• _PROBLEM TO SOLVE_
The answer consists solely of the lines running from the one with "Barry.Wang Weihnachtskrawatten-Set Seide" through the final line below, transcribed exactly and without any pictures.

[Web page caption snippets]
-.-.-
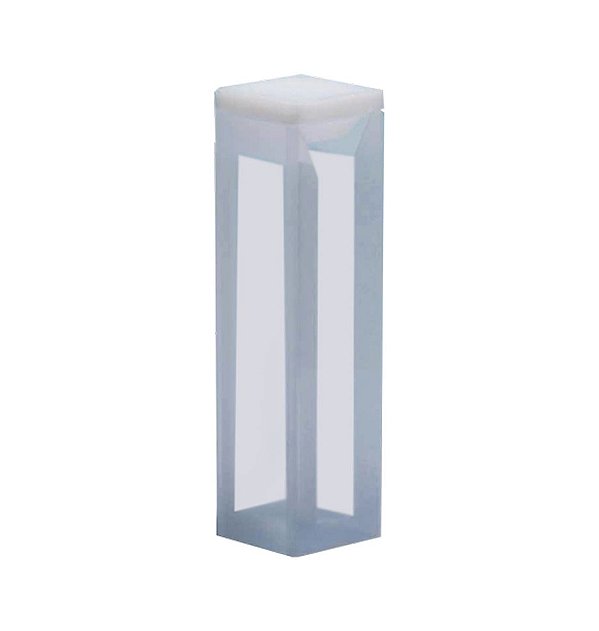 Cubeta Em Vidro Óptico 2 Faces Polidas Passo 10MM 1,7ml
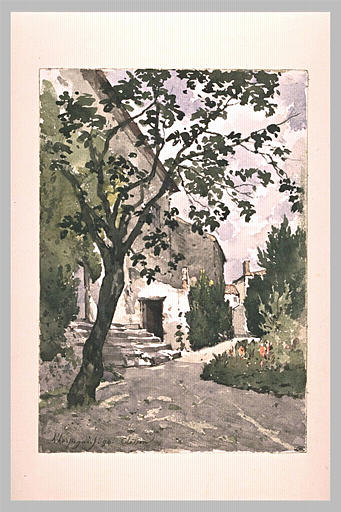 Rue d'un village_0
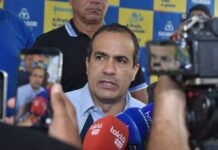 “Episódio revoltante, covarde e inaceitável” – Secretaria de Comunicação “Episódio revoltante, covarde e inaceitável” – Secretaria de Comunicação
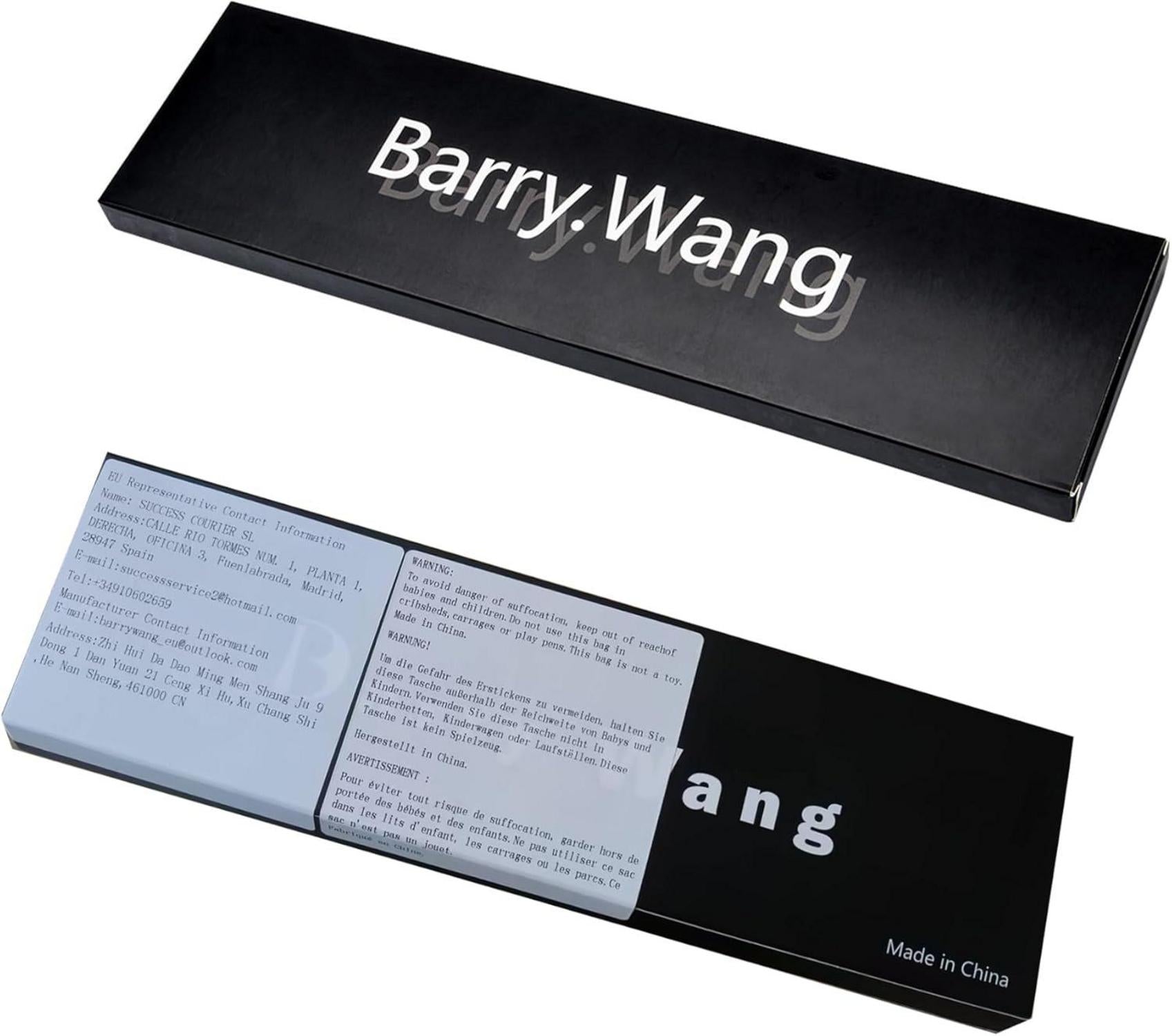 Barry.Wang Weihnachtskrawatten-Set Seide 4-teilig Blau Grün
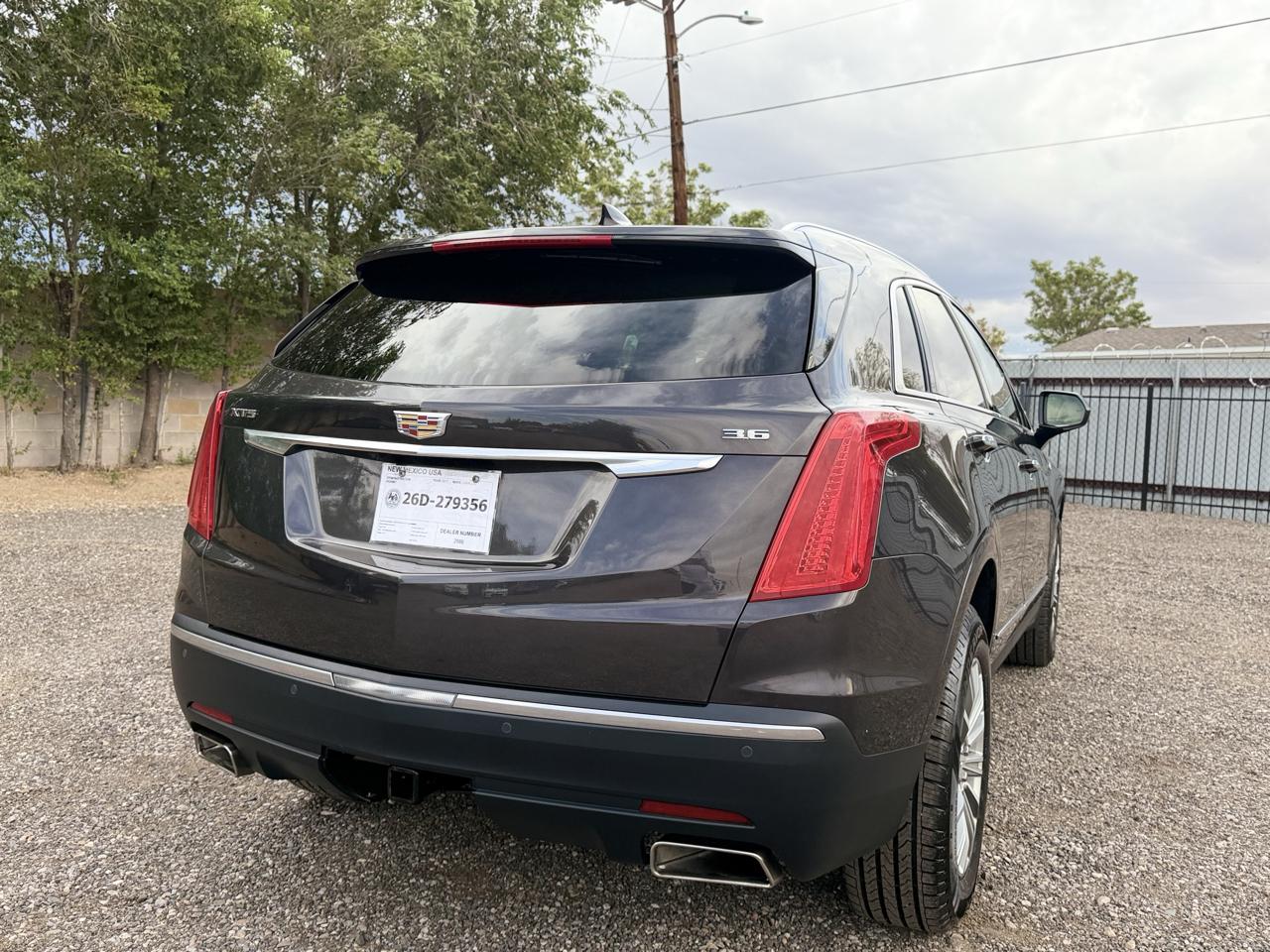 Cadillac XT5 FWD 4dr Luxury 2017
-.-.-
• _SOLUTION TO THE EXERCISE_
 Barry.Wang Weihnachtskrawatten-Set Seide 4-teilig Blau Grün
 Cadillac XT5 FWD 4dr Luxury 2017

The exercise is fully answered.